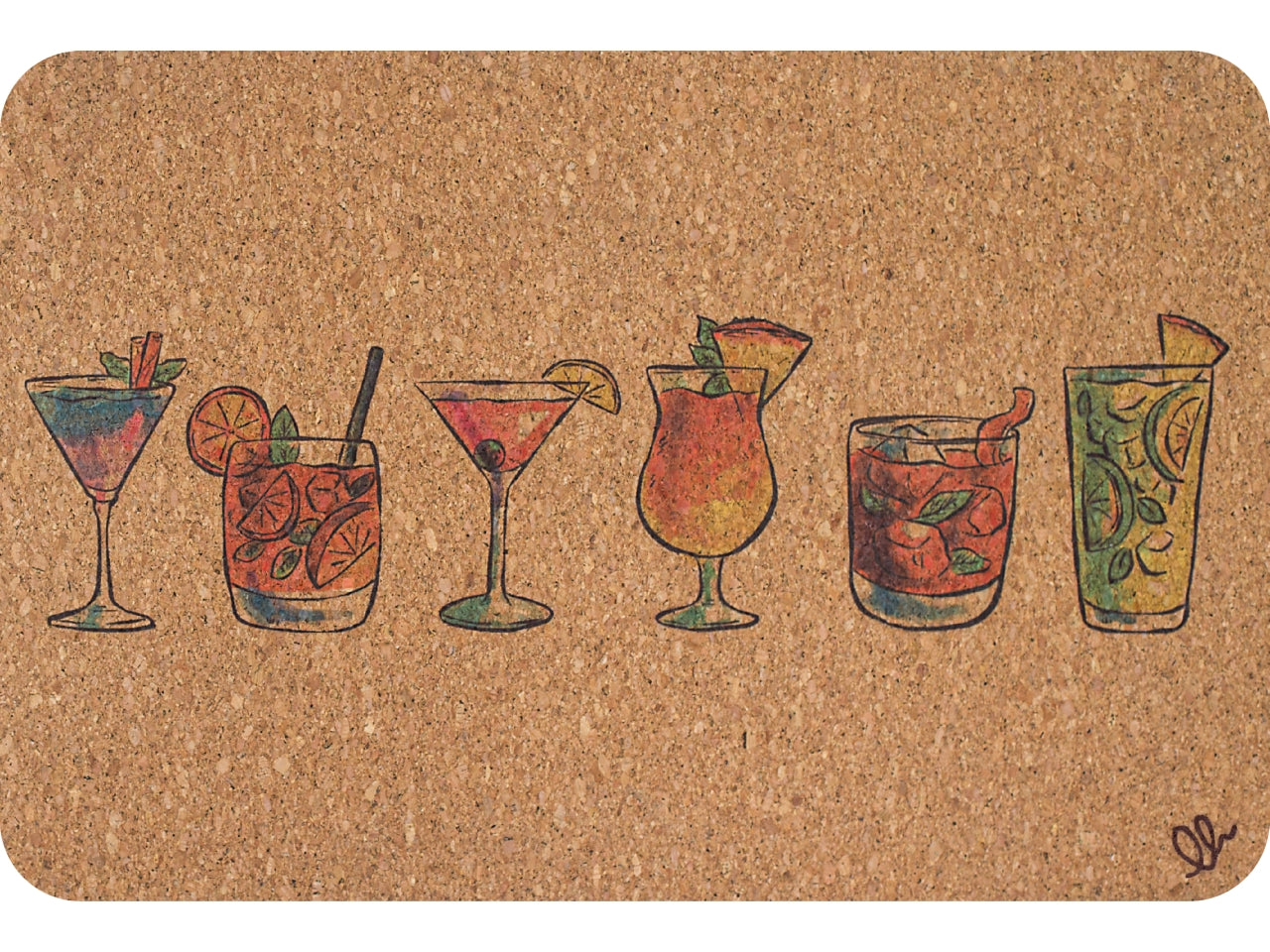 Tappeto sughero 50x120cm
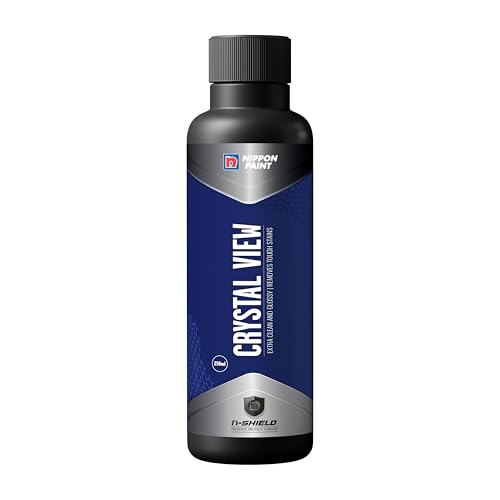 Image of Nippon Paint n Shield 250ml Glass Cleaner Spray | Hydrophobic Action Repels Water and Dust | Removes Tough Residue for Enhanced Visibility | Asia Pacific's No 1 Paint Brand (Pack of 2)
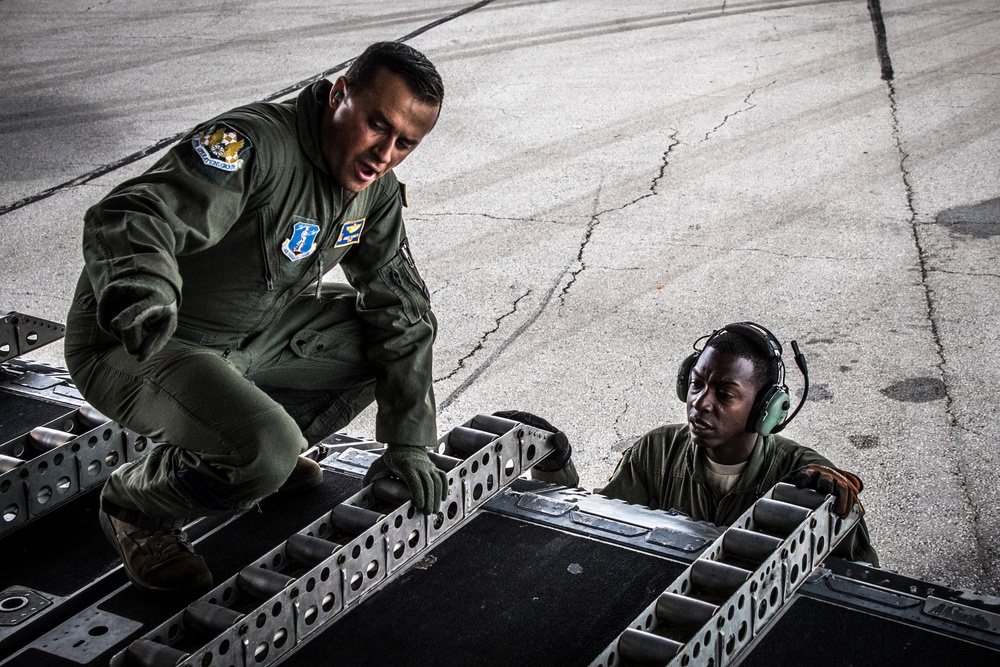 200th RED HORSE Squadron sends second Disaster Relief Beddown System to Puerto Rico for Hurricane Relief Efforts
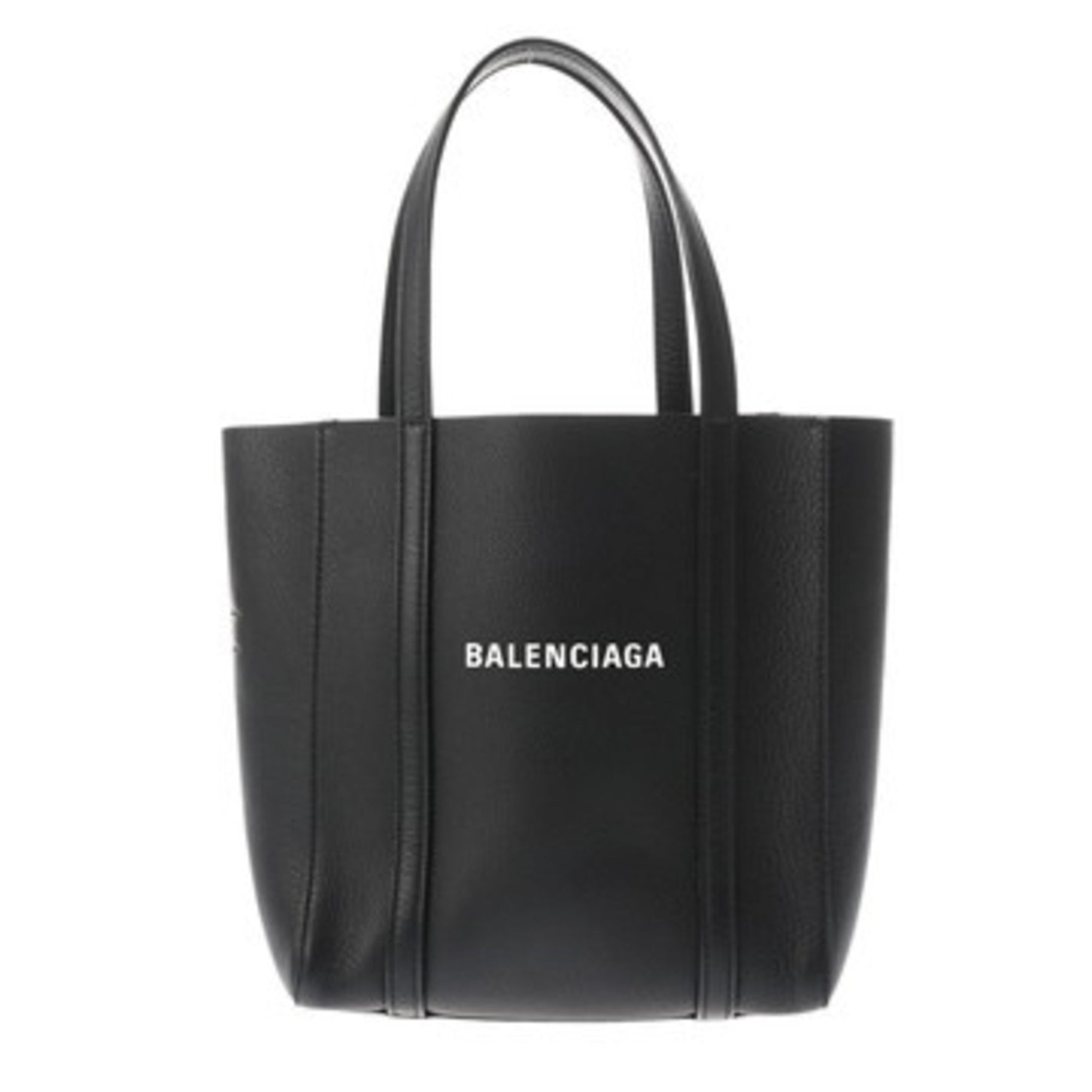 BALENCIAGA Everyday XXS Leather Tote Bag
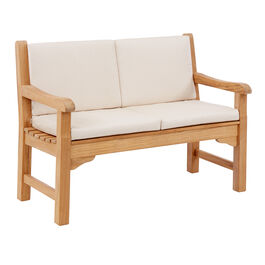 Set Rückenkissen Bank 120 Summerfield / 125 Hestercombe Dessin "Sand"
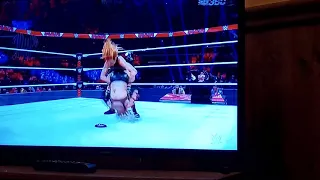 ENDING- Liv Morgan vs Becky Lynch- WWE Women's Championship match- Raw Dec 6 2021 #wwe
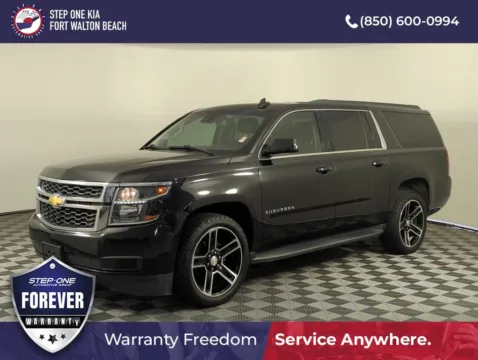 Black 2019 Chevrolet Suburban LT for sale in Fort Walton Beach, FL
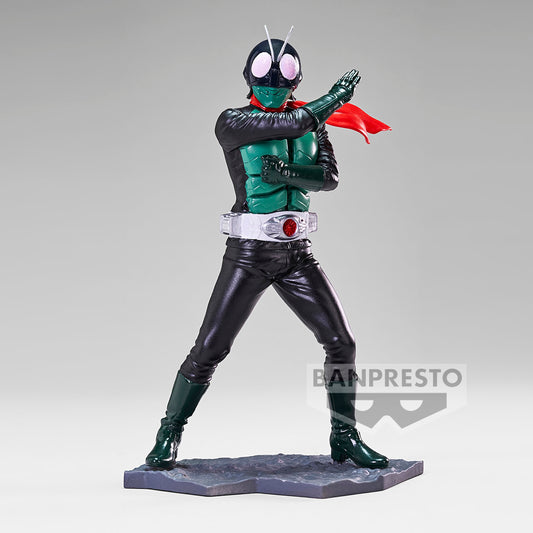 Masked Rider Art Vignette Figure (Shin Japan Heroes Universe)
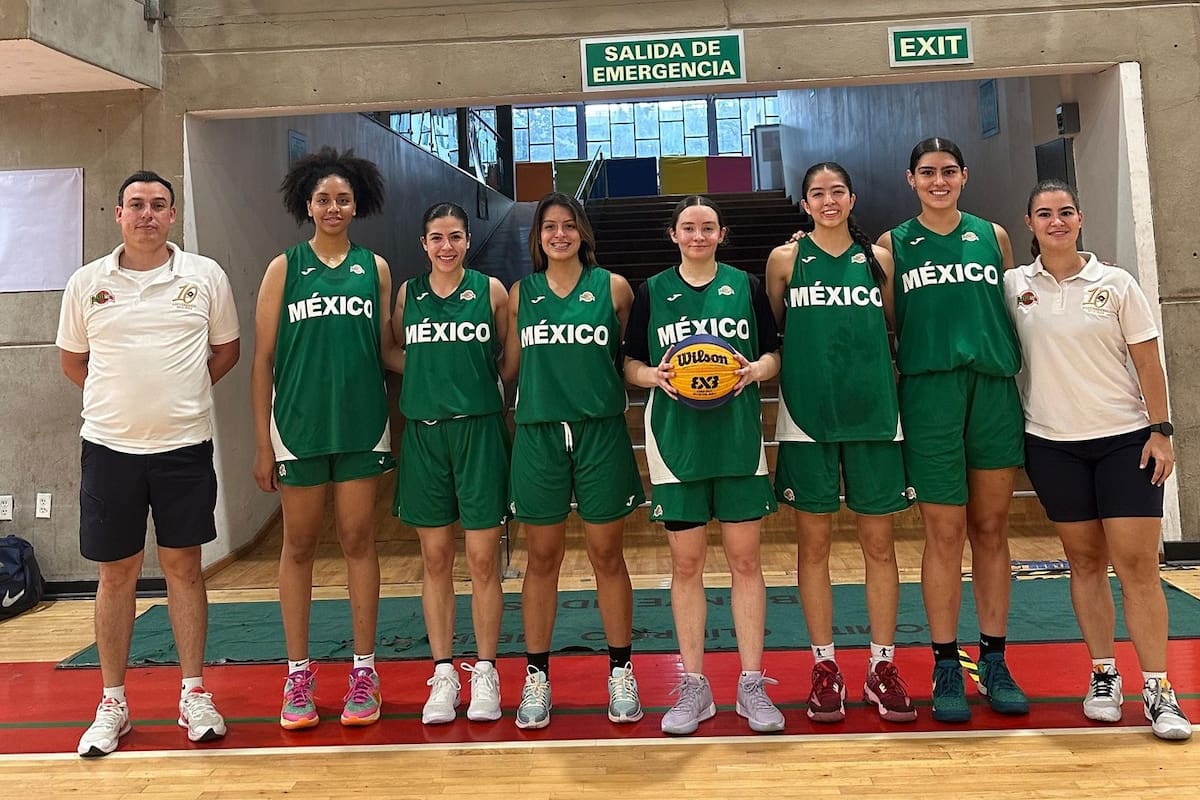 Cierra México con tercer lugar en Youth Nations League Americas 2024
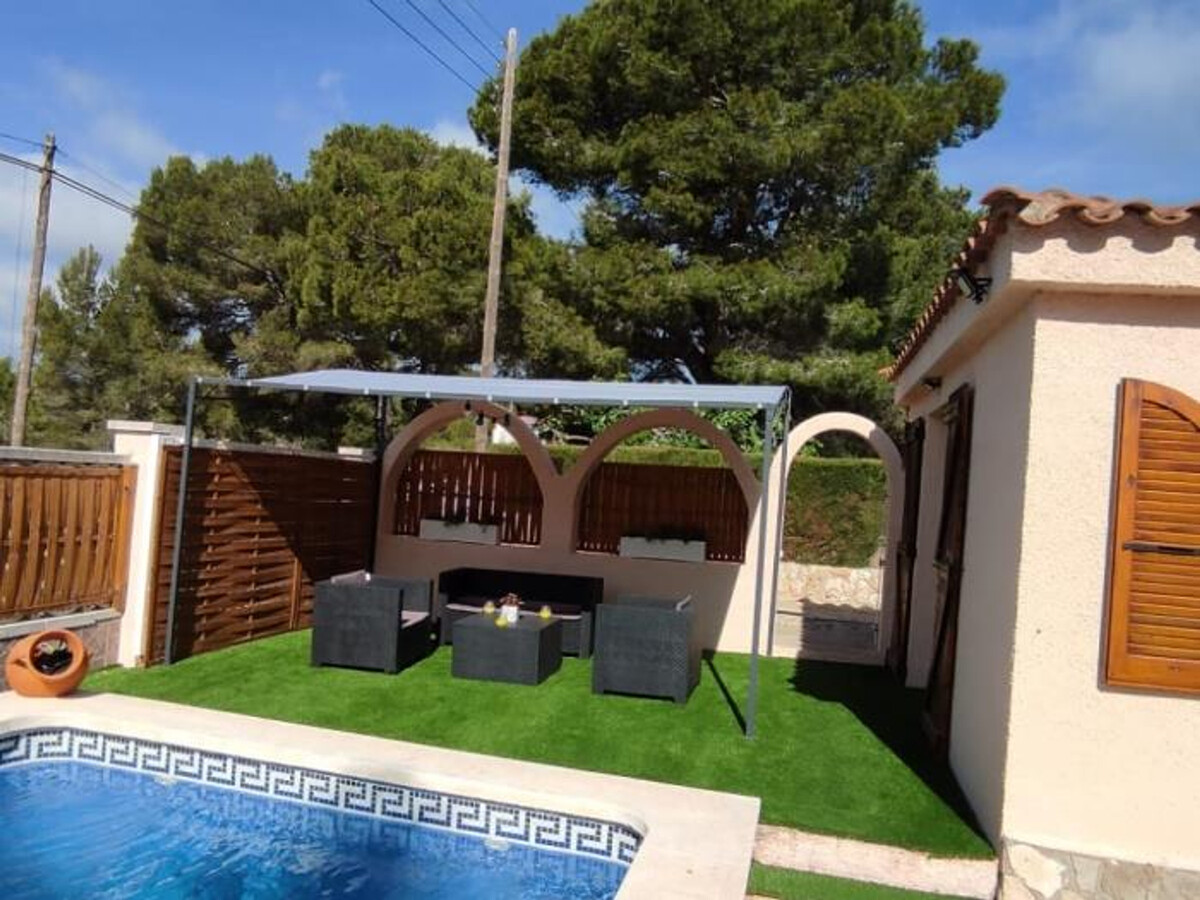 Villa Rosa 6 pers. avec piscine privée aux Tres Cales - Photo 3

Exercise details:
In the answer, the entries must appear exactly as above, without the images.

Task solution:
 Tappeto sughero 50x120cm
 Image of Nippon Paint n Shield 250ml Glass Cleaner Spray | Hydrophobic Action Repels Water and Dust | Removes Tough Residue for Enhanced Visibility | Asia Pacific's No 1 Paint Brand (Pack of 2)
 200th RED HORSE Squadron sends second Disaster Relief Beddown System to Puerto Rico for Hurricane Relief Efforts
 BALENCIAGA Everyday XXS Leather Tote Bag
 Set Rückenkissen Bank 120 Summerfield / 125 Hestercombe Dessin "Sand"
 ENDING- Liv Morgan vs Becky Lynch- WWE Women's Championship match- Raw Dec 6 2021 #wwe
 Black 2019 Chevrolet Suburban LT for sale in Fort Walton Beach, FL
 Masked Rider Art Vignette Figure (Shin Japan Heroes Universe)
 Cierra México con tercer lugar en Youth Nations League Americas 2024
 Villa Rosa 6 pers. avec piscine privée aux Tres Cales - Photo 3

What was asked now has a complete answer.